▸ Exercise objective
Scan the records for "Image". Report each line that includes it.

BEGIN Material for the task

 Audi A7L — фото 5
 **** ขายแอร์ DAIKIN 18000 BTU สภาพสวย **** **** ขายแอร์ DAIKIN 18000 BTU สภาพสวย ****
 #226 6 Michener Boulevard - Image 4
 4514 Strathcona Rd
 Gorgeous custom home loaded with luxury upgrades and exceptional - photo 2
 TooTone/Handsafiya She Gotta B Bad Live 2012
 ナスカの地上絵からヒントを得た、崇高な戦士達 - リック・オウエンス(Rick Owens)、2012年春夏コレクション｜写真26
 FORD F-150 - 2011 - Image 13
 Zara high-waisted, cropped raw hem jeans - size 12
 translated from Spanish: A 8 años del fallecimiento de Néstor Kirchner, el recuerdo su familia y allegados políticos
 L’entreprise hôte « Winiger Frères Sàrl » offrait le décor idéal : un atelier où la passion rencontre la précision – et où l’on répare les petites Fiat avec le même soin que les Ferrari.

END Material for the task

▸ Result for this exercise
 #226 6 Michener Boulevard - Image 4
 FORD F-150 - 2011 - Image 13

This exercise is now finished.